Haaland: Alf-Inge Rasdal (Alfie)
1997-2000
(Leeds Player Details)(Player Details)
Midfield/Defender
Born: Stavanger, Norway: 23-11-1972
Debut: v Arsenal (h): 09-08-1997
5’10” 12st 12lb (2003)
#63 in 100 Greatest LUFC Players Ever
He started playing his club football for Bryne FK, and played for Norway at Youth level.
He went across to England and had trials with Nottingham Forest and impressed Frank Clark
enough for him to sign him on 25th January 1994 for £250,000. He had played in central
defence for Bryne, for who he scored four goals in sixty-eight games, and was chosen by
Norway at right-back but Forest played him in midfield. He had quickly progressed into the
Norwegian Under-Twenty-one team and then the full squad, appearing for them in the 1994
World Cup in the USA. In his first season Forest finished third in the Premiership and
ensured a place in Europe for the following season, when they reached the quarter-finals
of the UEFA Cup before being eliminated by Bayern Munich. Haaland had his best season for
Forest in 1996-97 but the team was poor, and Forest were relegated. Frank Clark resigned
halfway through the season and Stuart Pearce was appointed caretaker-manager. Haaland
decided it was time to move on. He remained at Nottingham Forest until 12th June 1997 when
he was signed by Leeds United for £1.6 million, the fee being decided by a tribunal after
the clubs could not agree terms. He had scored seven goals in seventy five League games,
of which nine had been from the bench. He had started five F.A. Cup matches and play one
as a substitute, started two League Cup games and had come off the bench five times, while
in the UEFA Cup he had started two and come off the bench three times. He had therefore
played almost one hundred games and scored seven goals in his three-and-a-half years stay.

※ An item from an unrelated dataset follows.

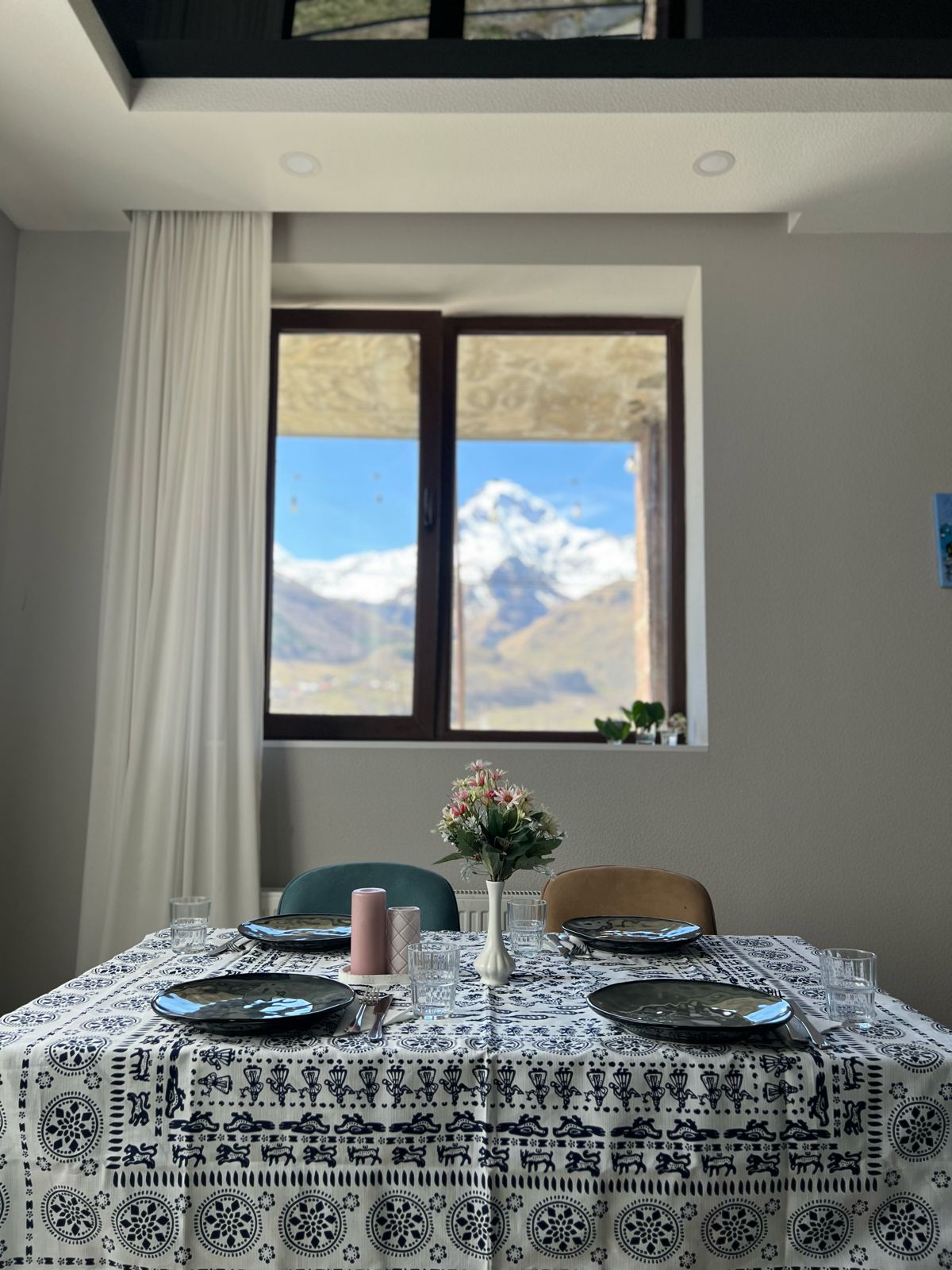 Фото Hotel Axien Kazbegi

With Leeds, he started the 1997-98 season as a substitute but soon forced his way into the
starting eleven and quickly established a cult following among the fans with his all-action
displays, as he gave solidity to the midfield in a defensive role rather than a creative
one. After he had established himself he was injured in a tackle with Patrick Veiera and
missed much of the latter part of the season. The following season he featured regularly
but sometimes filled in at the back as the competition for the midfield places grew. In
1999-2000, he found himself very much on the sidelines, only making the occasional
appearance and was well down the midfield pecking order. He said he wanted to fight his
way back into the side, but his hopes for further first team, and international appearances,
looked more likely to lie away from Elland Road. On 12th June 2000 Manchester City’s Joe
Royle came in with a £2.5 million offer to take him to Maine Road. He soon settled into
his new club, and as at Leeds he was popular with the fans, and was made City’s captain,
but he picked up a series of injuries and at the end of the 2000-01 he underwent an
operation on his knee and despite resuming training in the 2001-02 pre-season he was forced
to have a second operation after his knee swelled up once more and he was sidelined once
more. Haaland went through the following two seasons without starting a game for the Blues.
It seemed that he was loosing his fitness battle and in February 2003 the club gave him six
months' notice on his contract and he was due to leave them in August 2003. Manager Keegan
decided to give him a last chance to prove his fitness and when pre-season training started
Haaland was ready to battle for a place in the squad, but there was no happy ending and he
was forced to retire on 21st August 2003. He had scored three times for City in thirty-eight
League games, of which three were as a substitute. He also started three F.A. Cup ties and
came off the bench once and started five League Cup ties all without adding to his goal
tally. Haaland and City came to a cash agreement over the remaining two years of his
contract. The Norwegian is often remembered for his "feud" with Roy Keane. In 1997, Keane
went to tackle Haaland but in the process injured his cruciate ligament. As Keane lay prone
on the ground, Haaland taunted him by implying that Keane had made a dive but when he saw
that Roy Keane was actually injured Haaland implied that Keane deserved the injury as
punishment for his reckless tackle. Three and a half years later, in 2001, Keane made a
knee-high tackle on Haaland, according to his biography, "out of vengeance". Keane was sent
off as a result and incurred a five-game suspension and a £150,000 fine. Haaland had to
retire through injury in 2003. It was said on Haaland's web site that it was not as a result
of Roy Keane's tackle (according to the website the injury that ended Haaland's career was
in his other knee, not the one that got hit in the Keane tackle). He did come out of
retirement, scoring three times in ten games for Bryne FK from 2009 to 2011 and signed for
Rosseland BK in 2011. At an international level he had represented his country thirty-four
times and a further twenty-nine times at Under-Twenty-one level.